Menurut Janah, kejadian itu terekam CCTV di rumahnya dengan jelas. Namun keluarganya belum melapor ke Polsek karena wajah pelaku tidak jelas.

"Tidak jelas karena pakai masker dan topi, mobilnya Expander warna silver tapi pelat tidak terlihat. Mobil diparkir agak jauh dan tadi Polsek sudah cek ke sini," sambung Janah.

"Kita viralkan agar warga yang lain waspada, jika ada modus dan ciri pelaku seperti ini hati-hati dan jangan ada korban lagi," imbuhnya.

Kapolsek Ceper, AKP Nahrowi, menyatakan piket Polsek dan Kanit Reskrim sudah ke lokasi. Meskipun belum ada laporan tetap dilakukan penyelidikan.

"Kita tetap lakukan penyelidikan karena mirip kejadian sebelumnya di beberapa lokasi," jelas Nahrowi kepada detikJateng.

Sebelumnya, aksi pencurian dengan cara hipnotis bermodus tukar uang oleh warga negara asing (WNA) pernah terjadi di Klaten. Kali ini sasarannya toko bangunan di Jalan Ceper-Besole, Desa/ Kecamatan Ceper, Klaten.

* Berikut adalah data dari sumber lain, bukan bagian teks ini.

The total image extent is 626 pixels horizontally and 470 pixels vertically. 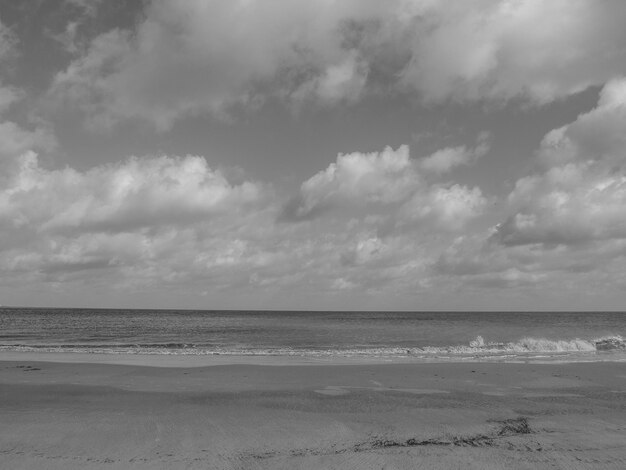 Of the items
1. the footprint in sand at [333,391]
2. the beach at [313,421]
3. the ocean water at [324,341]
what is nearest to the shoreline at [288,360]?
the ocean water at [324,341]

"Kejadiannya hujan habis Zuhur kemarin. Logatnya bahasa Inggris tapi kaya orang India atau Pakistan itu," ungkap Ais, anak pemilik toko kepada detikJateng, Rabu (11/3) siang.

Dijelaskan Ais, pelaku seorang pria dan datang sendirian. Pelaku memakai topi dan masker di mulutnya.

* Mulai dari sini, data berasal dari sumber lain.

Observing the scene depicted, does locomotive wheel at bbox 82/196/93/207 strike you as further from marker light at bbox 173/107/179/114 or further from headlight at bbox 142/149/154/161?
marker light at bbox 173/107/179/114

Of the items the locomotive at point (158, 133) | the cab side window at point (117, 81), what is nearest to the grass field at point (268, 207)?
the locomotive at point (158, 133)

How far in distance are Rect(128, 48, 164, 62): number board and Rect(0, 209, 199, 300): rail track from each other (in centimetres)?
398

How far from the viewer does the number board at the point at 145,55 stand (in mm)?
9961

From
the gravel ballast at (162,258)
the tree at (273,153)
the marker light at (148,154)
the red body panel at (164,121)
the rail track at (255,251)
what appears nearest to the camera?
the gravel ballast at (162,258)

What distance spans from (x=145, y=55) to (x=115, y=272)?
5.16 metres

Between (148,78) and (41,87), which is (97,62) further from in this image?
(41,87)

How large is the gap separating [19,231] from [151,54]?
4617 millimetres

"Pakai topi dan masker. Uang dipegang dan kita seperti tidak sadar, modusnya tukar uang, kerugian Rp 1,6 juta," lanjut Ais.

Kejadian serupa juga pernah terjadi di Desa Sribit, Kecamatan Delanggu. Tiga orang berwajah warga negara asing (WNA) mencuri dengan modus gendam di toko Desa Sribit, Kecamatan Delanggu, Klaten. Korban diduga terkena hipnotis sehingga tidak sadar membiarkan pelaku masuk ke kamar mengambil uang Rp 4 juta.

Taufik Hidayat (30) pemilik toko menceritakan kejadiannya hari Minggu (8/3) petang. Satu pria dan dua wanita turun dari mobil lalu masuk ke toko membeli telur.

"Mereka datang pakai mobil silver diparkir sekitar 50 meter dari toko. Tiga orang masuk toko memberi salam," kata Taufik kepada detikJateng, Senin (9/3) siang.